Donnelly’s experience showed that it is down to leaders to insist that these practices are accepted. He described an occasion when a senior woman dealing with a crisis situation told him that she could not continue to work in the evenings while one of her children was preparing for an important exam and needed support. Donnelly agreed, and told the minister that they would be working with someone else for a while. ‘But she is very good!’ said the minister. ‘Yes, she is,’ said Donnelly firmly, ‘and so is the new person you will be working with.’

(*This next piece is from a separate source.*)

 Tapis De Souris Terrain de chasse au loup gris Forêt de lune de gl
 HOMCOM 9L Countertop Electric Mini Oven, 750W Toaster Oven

It is also the leader’s responsibility to ensure that an inclusive and equal culture is not destabilised by tolerating people and behaviours that conflict with it.  ‘In almost every organisation that I have worked in there were people who thought, “I’m very good at making money, or talking to ministers in the right way; I’m smart, I’m clever, tough, decisive, and if I shout at you it’s probably your fault. I’m going to get to the top,”’ he said. ‘And almost every organisation that I have worked in until recently has tolerated that. And when you tolerate that behaviour you send a very clear signal that … successful people don’t have to follow the same rules as everyone else. Not until you challenge [that idea] do you start to make a difference by winning the trust of women and men across the organisation that you really mean what you say.’

He concluded: ‘Gender equality is part of wider inclusion – it’s worth the effort, and it feeds into how you support minorities. But don’t forget that women are not a minority, and gender is not a minority issue. People who start from that position are going to get it wrong.’